### [Data]
____________

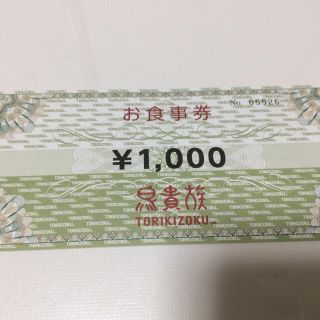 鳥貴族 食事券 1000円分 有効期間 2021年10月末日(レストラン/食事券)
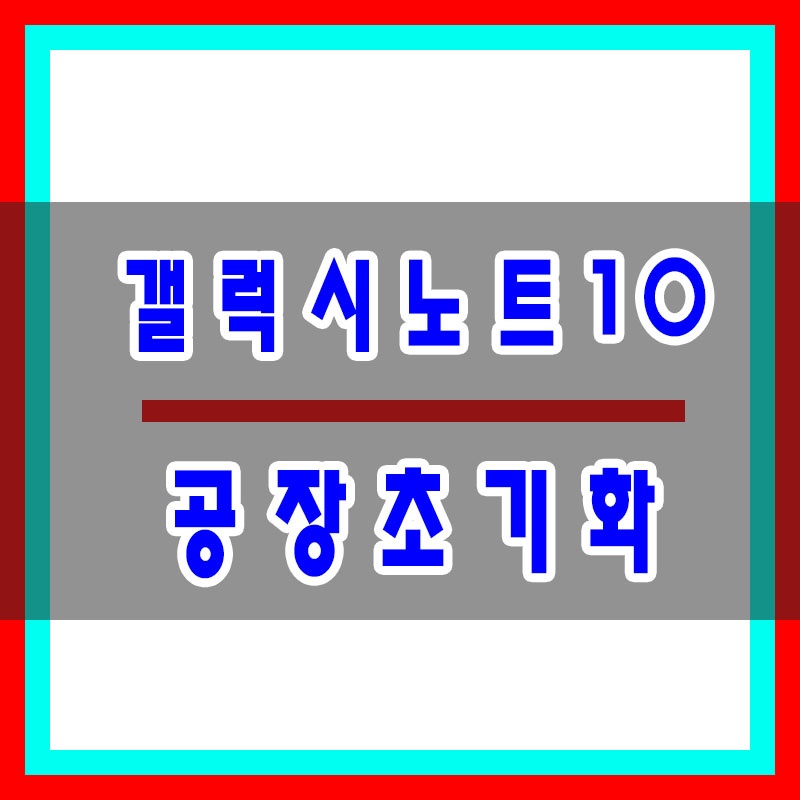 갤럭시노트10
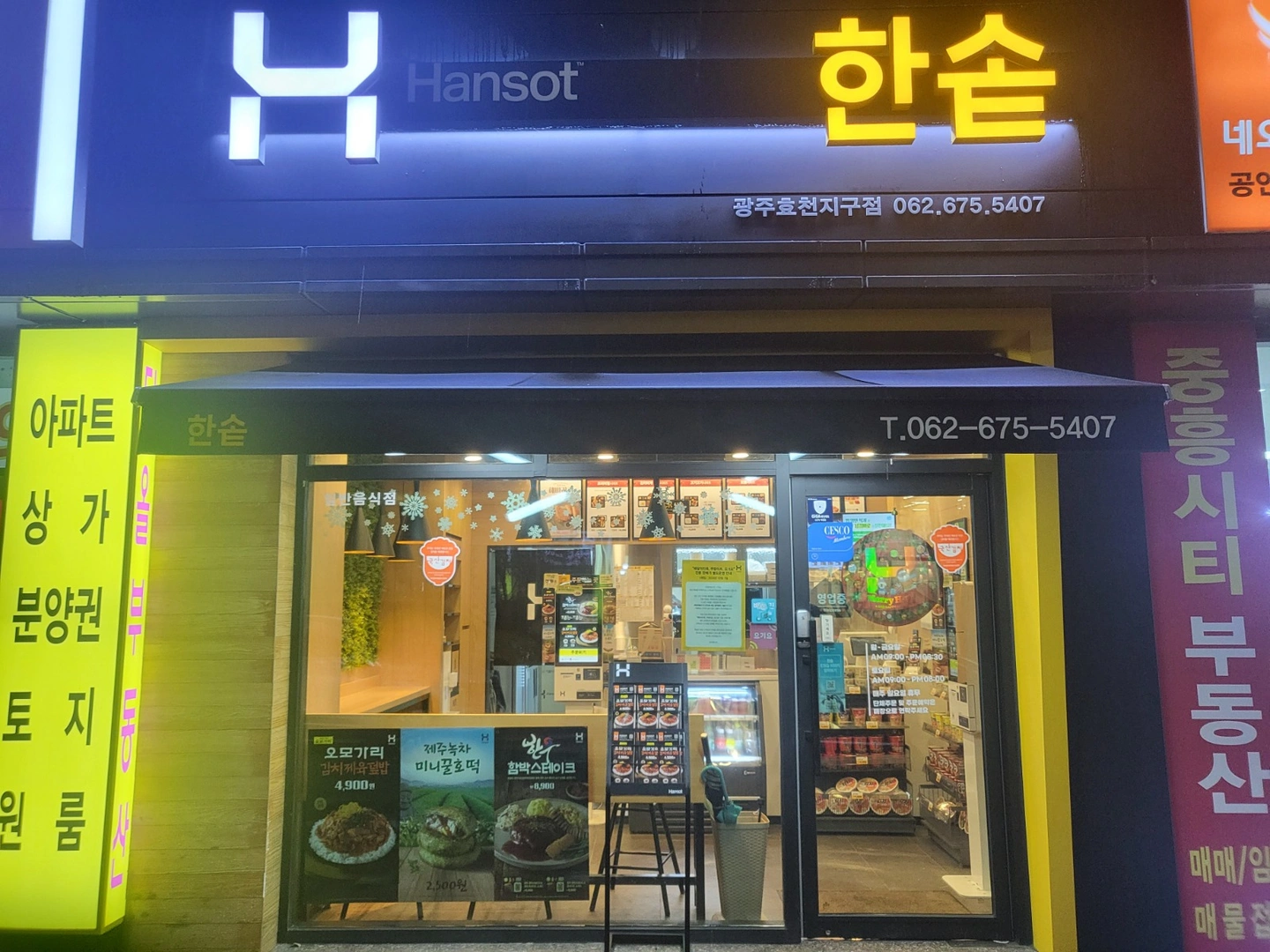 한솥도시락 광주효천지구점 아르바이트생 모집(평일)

____________

### [Task prompt]
Exactly as written, return each line above and leave the pictures behind.

### [Your response]
 鳥貴族 食事券 1000円分 有効期間 2021年10月末日(レストラン/食事券)
 갤럭시노트10
 한솥도시락 광주효천지구점 아르바이트생 모집(평일)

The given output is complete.